---
title: Voice Quickstart
description: Set up text-to-speech and speech-to-text in a Smithers workflow.
---

## Prerequisites

Smithers ships with voice support built in. You need:

- An OpenAI API key (or another AI SDK-supported provider)
- `smithers-orchestrator` version 0.12.8 or later

## Install

No extra packages. The `ai` and `@ai-sdk/openai` dependencies are already included.

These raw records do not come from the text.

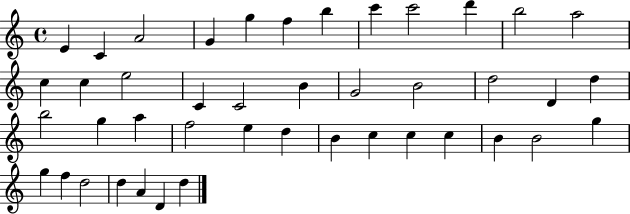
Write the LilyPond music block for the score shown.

{
  \clef treble
  \time 4/4
  \defaultTimeSignature
  \key c \major
  e'4 c'4 a'2 | g'4 g''4 f''4 b''4 | c'''4 c'''2 d'''4 | b''2 a''2 | \break c''4 c''4 e''2 | c'4 c'2 b'4 | g'2 b'2 | d''2 d'4 d''4 | \break b''2 g''4 a''4 | f''2 e''4 d''4 | b'4 c''4 c''4 c''4 | b'4 b'2 g''4 | \break g''4 f''4 d''2 | d''4 a'4 d'4 d''4 | \bar "|."
} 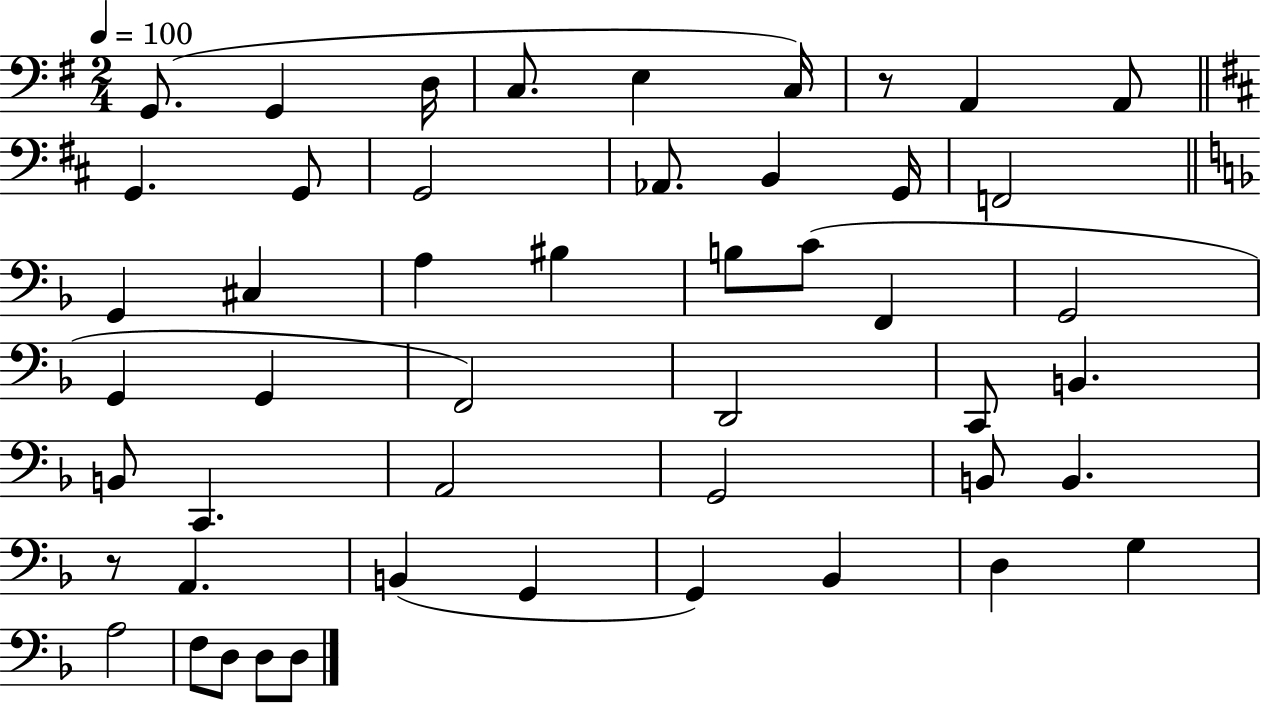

## Create a Voice Provider

The simplest provider wraps AI SDK models for batch TTS and STT:

```ts
import { createAiSdkVoice } from "smithers-orchestrator/voice";
import { openai } from "@ai-sdk/openai";

const voice = createAiSdkVoice({
  speechModel: openai.speech("tts-1"),
  transcriptionModel: openai.transcription("whisper-1"),
});
```

## Add Voice to a Workflow

Wrap tasks with the `<Voice>` component:

```tsx
import { Workflow, Task, Voice, createSmithers } from "smithers-orchestrator";
import { z } from "zod";

const { outputs, workflow } = createSmithers({
  transcript: z.object({ text: z.string() }),
  summary: z.object({ content: z.string() }),
});

export default (
  <Workflow>
    <Voice provider={voice} speaker="alloy">
      <Task id="transcribe" output={outputs.transcript} agent={myAgent}>
        Transcribe the audio input and return the text.
      </Task>
      <Task id="summarize" output={outputs.summary} agent={myAgent} dependsOn={["transcribe"]}>
        Summarize the transcript.
      </Task>
    </Voice>
  </Workflow>
);
```

## Use Composite Voice

Mix different providers for input and output:

```ts
import { createCompositeVoice, createAiSdkVoice } from "smithers-orchestrator/voice";
import { openai } from "@ai-sdk/openai";

const stt = createAiSdkVoice({
  transcriptionModel: openai.transcription("whisper-1"),
});

const tts = createAiSdkVoice({
  speechModel: openai.speech("tts-1"),
});

const voice = createCompositeVoice({
  input: stt,
  output: tts,
});
```

## Use Realtime Voice

For low-latency bidirectional audio, use the OpenAI Realtime provider:

```ts
import { createOpenAIRealtimeVoice } from "smithers-orchestrator/voice";

const realtime = createOpenAIRealtimeVoice({
  apiKey: process.env.OPENAI_API_KEY,
  model: "gpt-4o-mini-realtime-preview-2024-12-17",
  speaker: "alloy",
});

// Connect before use
await realtime.connect();

// Listen for events
realtime.on("speaking", (data) => {
  // handle audio output
});

realtime.on("writing", (data) => {
  // handle text transcription
});

// Send audio
await realtime.send(audioStream);

// Disconnect when done
realtime.close();
```

## Voice with Effect.ts

Use the Effect service layer for typed voice operations:

```ts
import { VoiceService, speak, listen } from "smithers-orchestrator/voice";
import { Effect } from "effect";

const program = Effect.gen(function* () {
  const text = yield* listen(audioStream);
  const audio = yield* speak(`The transcript says: ${text}`);
  return { text, audio };
}).pipe(Effect.provideService(VoiceService, voice));
```

## Supported Providers

Any provider supported by the Vercel AI SDK works with `createAiSdkVoice`:

| Provider | TTS | STT |
| --- | --- | --- |
| OpenAI | `openai.speech("tts-1")` | `openai.transcription("whisper-1")` |
| ElevenLabs | `elevenlabs.speech(...)` | `elevenlabs.transcription(...)` |
| Deepgram | -- | `deepgram.transcription("nova-3")` |
| Google | `google.speech(...)` | `google.transcription(...)` |

For realtime speech-to-speech, use `createOpenAIRealtimeVoice` directly.